The National Retail Federation has just concluded the first instalment of Retail’s Big Show for 2021, and this year the event looked very different to years gone by.
Held virtually, the show was divided into two ‘chapters’, with the first held in January and the second to commence in June.
Despite its online venue, the event packed all the punch of previous years with a specific focus on the immediate needs facing retailers today and featured curated sessions, networking programmes and a virtual expo.
With its focus on moving forward together as an industry, here are five takeaways from Chapter 1 of Retail’s Big Show.
The future pulled forward
In a session on ‘Technologies Shaping the Store of 2025’, panellists noted the pandemic had “pulled the future forward”, accelerating adoption of e-commerce.
However, consumers still want curation, personal guidance and authentic connection, regardless of how they shop.
“In the world of commerce, the things we thought we would see in 2030 are now things that we’re seeing today,” Shopify director of product, retail, Arpan Podduturi, explained.
Meanwhile, head of global retail operations at Allbirds, Travis Boyce, noted the role of bricks and mortar was transforming into a hub where shoppers could fulfil needs like buying online and returning in store or engage in events as retail and communities begin to open back up.
It’s all about the show
Luxury retailer Saks Fifth Avenue was among the stores represented in a chat focused on re-imagining retail, with CEO Marc Metrick also agreeing the events of2020 had provided an accelerant for change.
However, he also added that in the case of luxury bricks and mortar retail physical stores continue to be important.
“For luxury, especially, it’s the theatre: People want to see the show,” he said, and since Saks reopened its stores, they have been performing only slightly below 2019 levels.
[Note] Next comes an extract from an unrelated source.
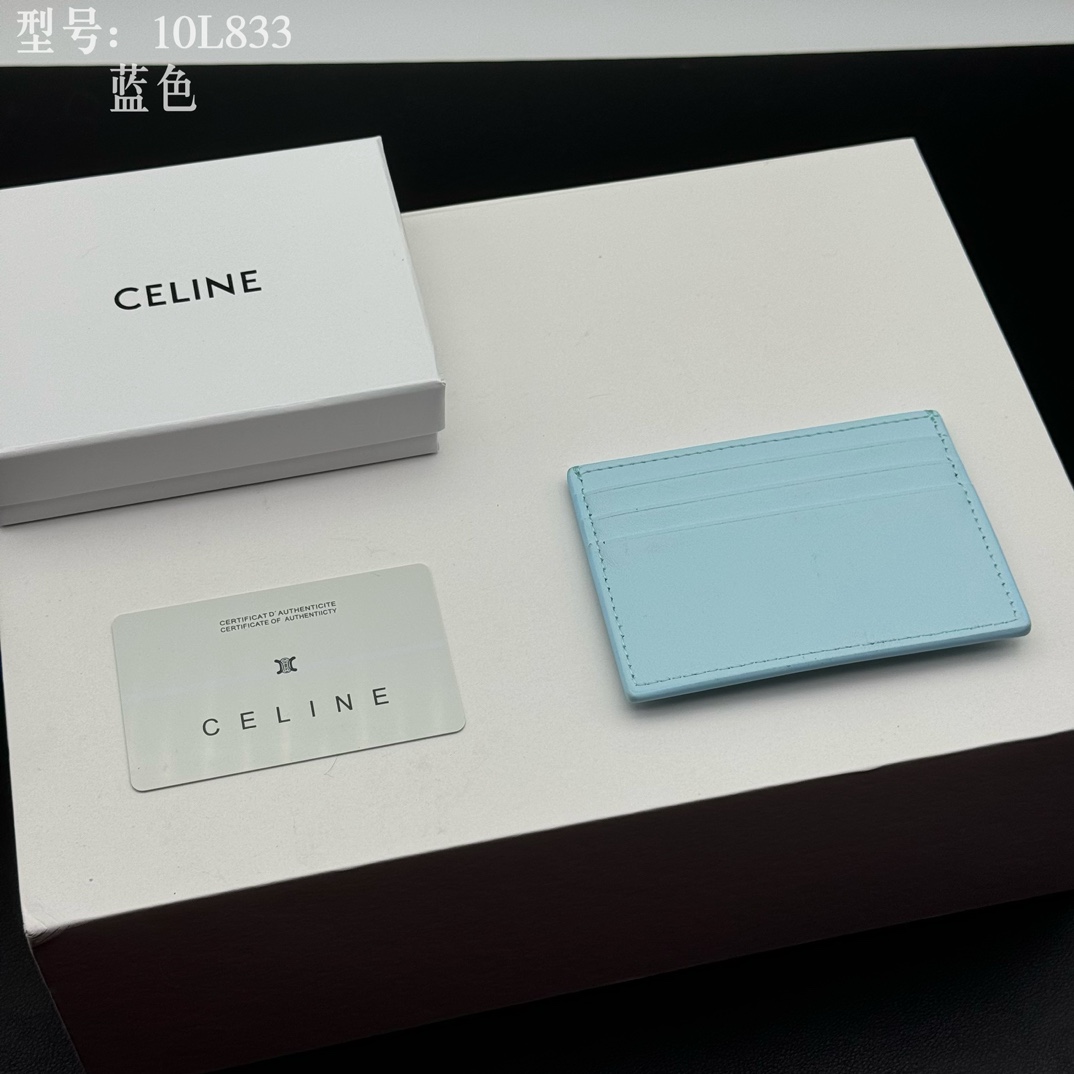 CELINE セリーヌ カードケース 10L833 ブルー 3枚カード収納 🎁 - 画像 3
Better catering to the product cycle
Another thing Saks observed in 2020 was that in the future they could better cater to the product cycle.
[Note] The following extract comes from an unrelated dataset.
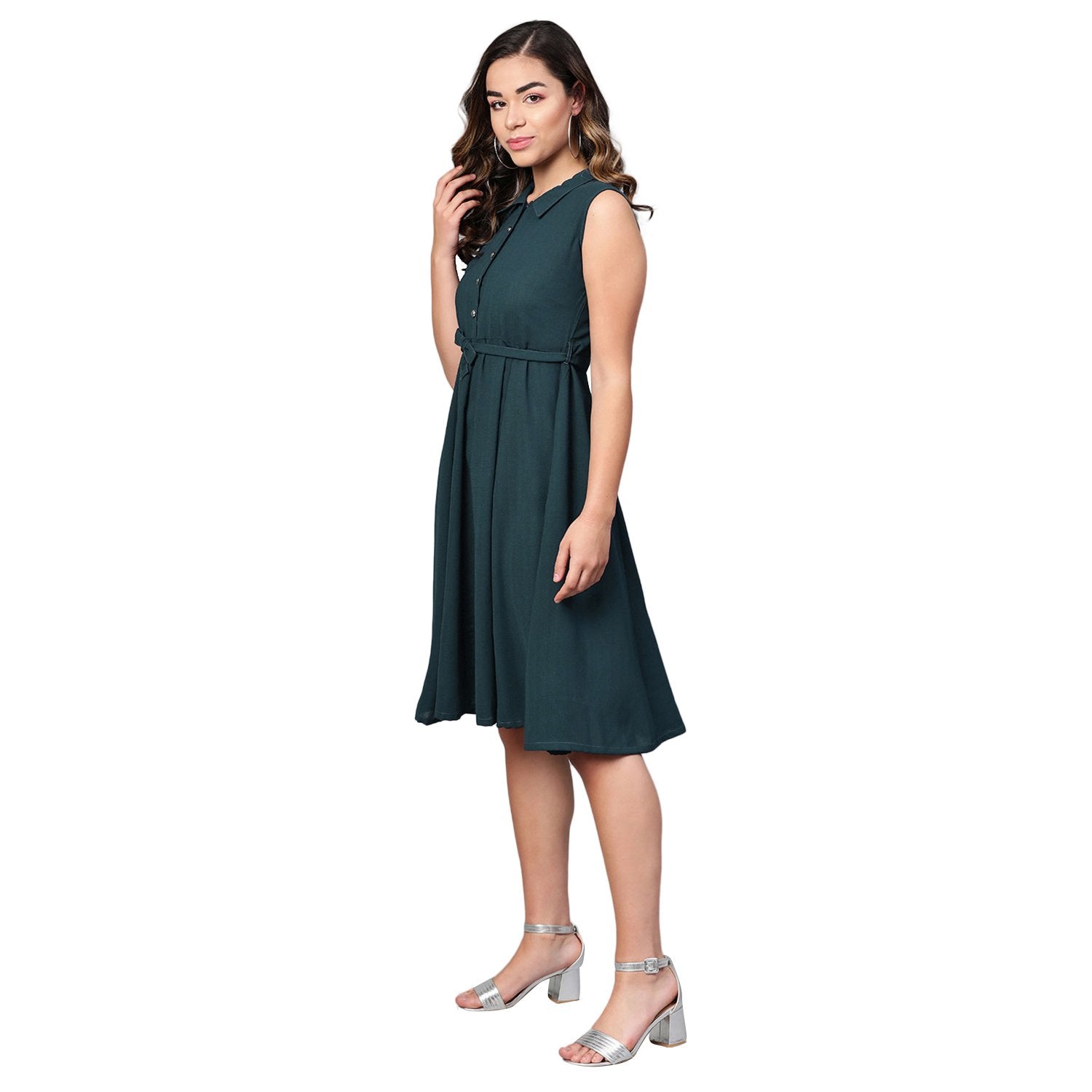 Women's Green Polyester Solid Sleeveless Casual Dress - Myshka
For example, their seasonal ranges usually arrive almost six months prior to the season beginning and then the shop needs to push the product. In 2020, stores were closed in the early half of the year and then reopened in May.
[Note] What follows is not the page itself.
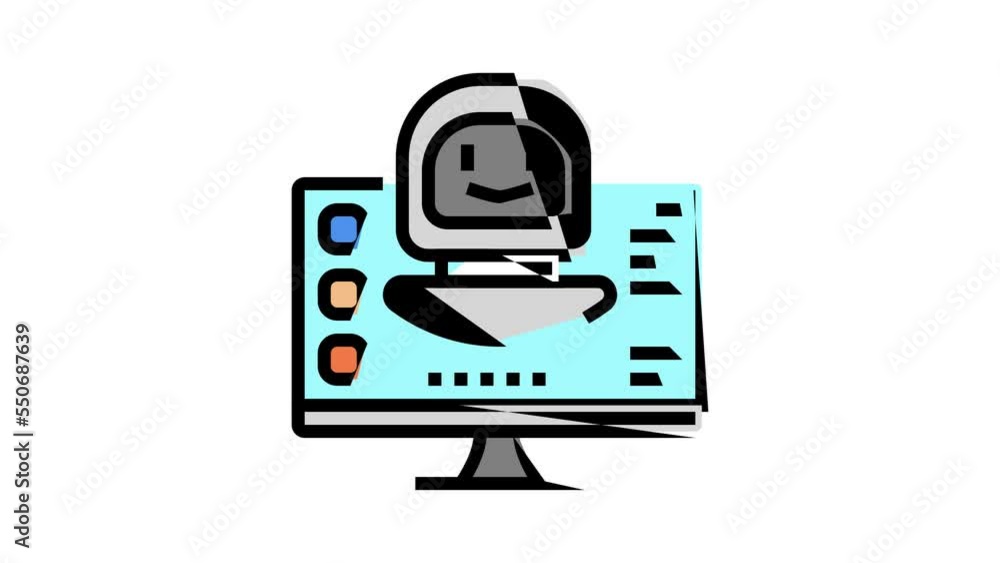 digital robot color icon animation digital robot color icon animation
“When the customers arrived, guess what was in the stores? Summer product,” Mr Metrick said.
“It had been on the floors since February, but this was the first time they’d seen it. We didn’t have to push it or promote it. It just sold, because we were meeting the customer’s needs.”
The significance of sustainability
A session involving IKEA and H&M representatives looked at whether sustainable purchasing habits changed as a result of 2020.
After years of an increasing shift to more socially and environmentally aware purchasing, the customer’s commitment to ethical retailing was not impacted by COVID-19, both retailers noted.
However, their budget tended to be smaller and the product focus changed to align with the new normal. They also explained that Gen-Z continued to lead the socially conscious push and had a huge demand for information about products.
“Having grown up as digital natives they understand — maybe better than any preceding generation — how to access information,” H&M US sustainability manager Abigail Kammerzell noted.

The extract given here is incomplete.